## Work instructions
Repeat exactly the lines running from the first line of the data to the line containing "Hey everybody, how", both ends included, and nothing else; drop the pictures.

## Exercise materials
^^^^^^^^

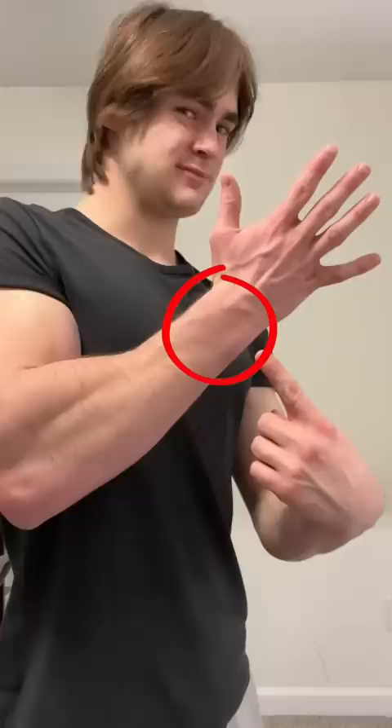My second tip is to wear some kind of watch or bracelet. If you have skinny wrists, like myself, wearing a watch or bracelet creates an illusion that you have a thicker or more dominant wrist.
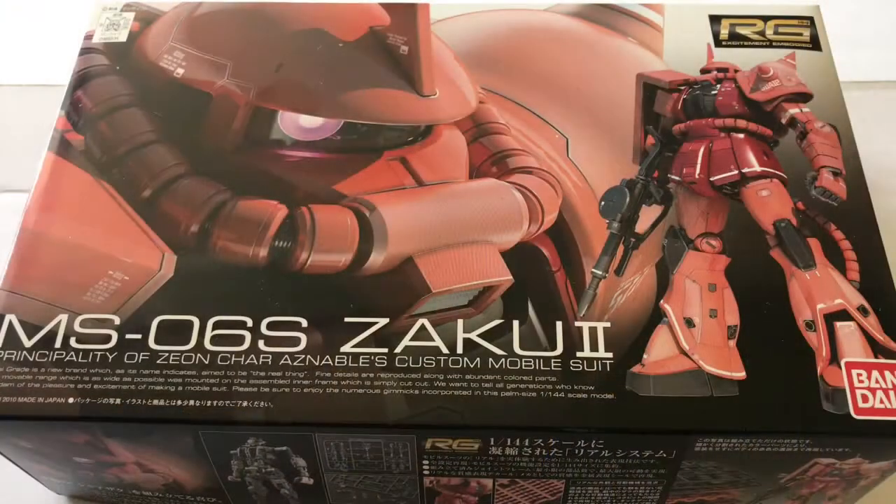Hey, what's up everybody, Jordan here with MJRL Hobby Stuff. Today we're looking at the MS06S Zaku 2, Principality of Zeon, Char's — well, Annabelle's — custom mobile suit from Bandai. It's actually from 2010 but it's been in storage for a while, so we're going to do a quick unboxing.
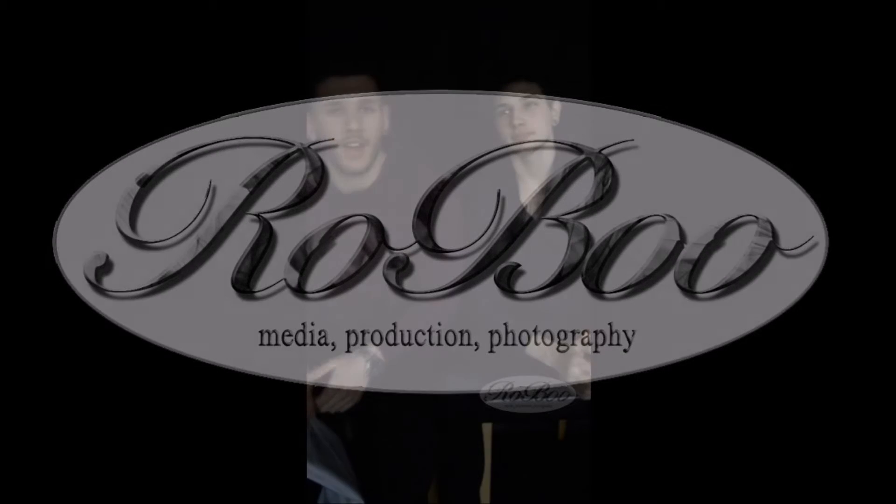Hey everybody, how you guys doing? It's Robert Varga here. We're about to do our media coursework for year 12 at High Down School, and here's my model Rodan, aka Teemo Fitness.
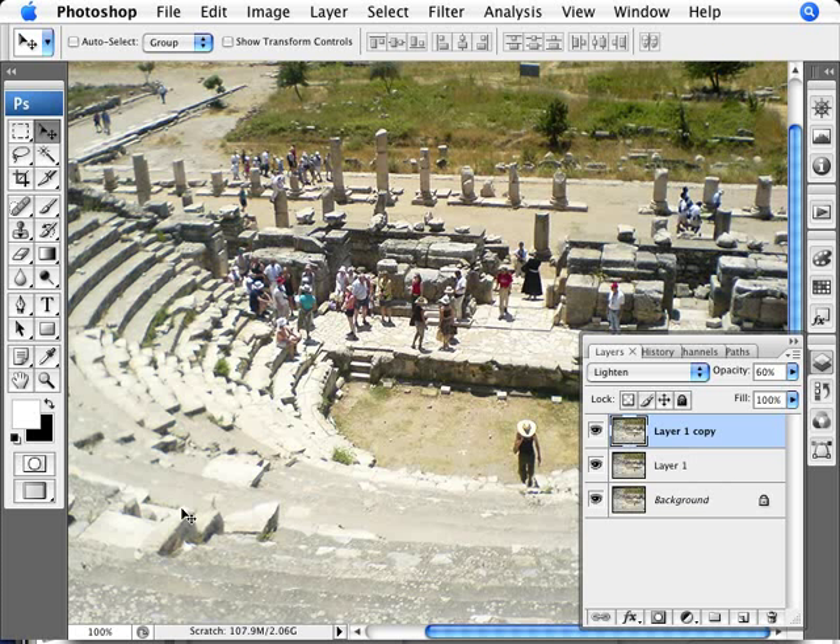The other thing to pay attention to is the lighter areas. Here's the before and here's the after — and I find it's getting a little bit too washed out in this area. So we can reduce the Soft Light opacity to something like 70%. That's doing a pretty good job: Soft Light at 70% and Lighten at 60%.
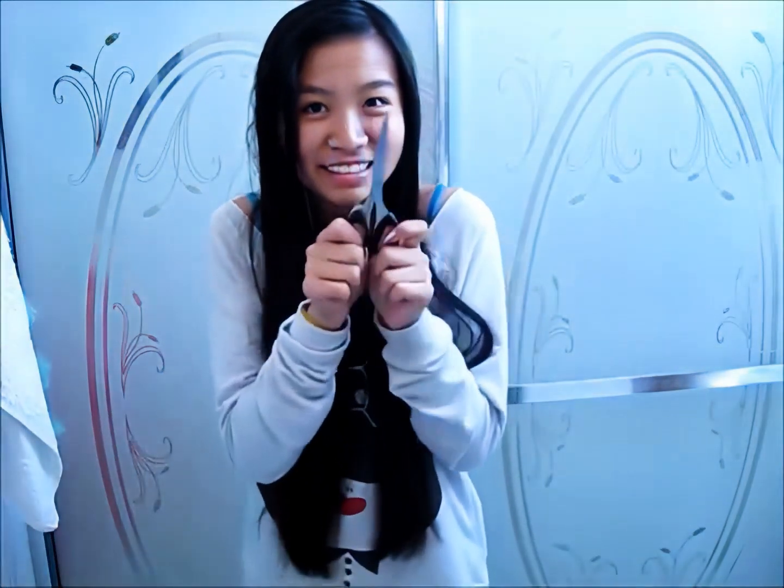Hey everyone, so today I thought I would show you how I cut my hair. One of my subscribers actually requested this. I'm not sure if I really want to cut too much — I'm probably just going to do a little trim and then I was thinking about putting in some bangs. I told my friend and she was like, no, don't do it, so now I'm not so sure. But maybe I'll go for the cut.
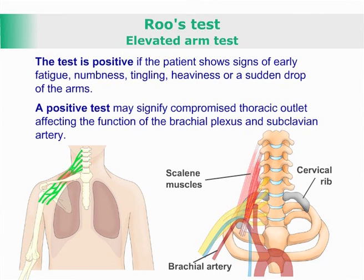A positive test may signify a compromised thoracic outlet, affecting the function of the brachial plexus and subclavian arteries.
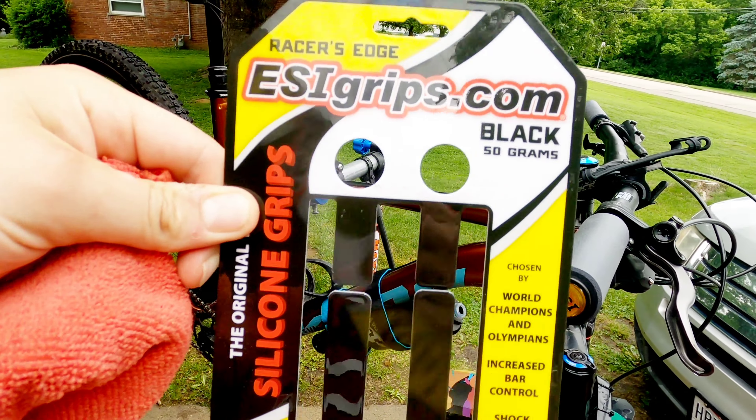They do make different kinds — this is the Racer's Edge, which are a little thinner. But they make extra chunky, they make extra long, so whatever you want, they got it. I hope you enjoyed this video. Like I said, I'm going to leave in the comments a little note on how I like these grips after a couple rides. Thanks for watching Dylan's Vlog — like and subscribe and leave a comment if you've tried these grips and you like them.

^^^^^^^^

## Response to the task
My second tip is to wear some kind of watch or bracelet. If you have skinny wrists, like myself, wearing a watch or bracelet creates an illusion that you have a thicker or more dominant wrist.
Hey, what's up everybody, Jordan here with MJRL Hobby Stuff. Today we're looking at the MS06S Zaku 2, Principality of Zeon, Char's — well, Annabelle's — custom mobile suit from Bandai. It's actually from 2010 but it's been in storage for a while, so we're going to do a quick unboxing.
Hey everybody, how you guys doing? It's Robert Varga here. We're about to do our media coursework for year 12 at High Down School, and here's my model Rodan, aka Teemo Fitness.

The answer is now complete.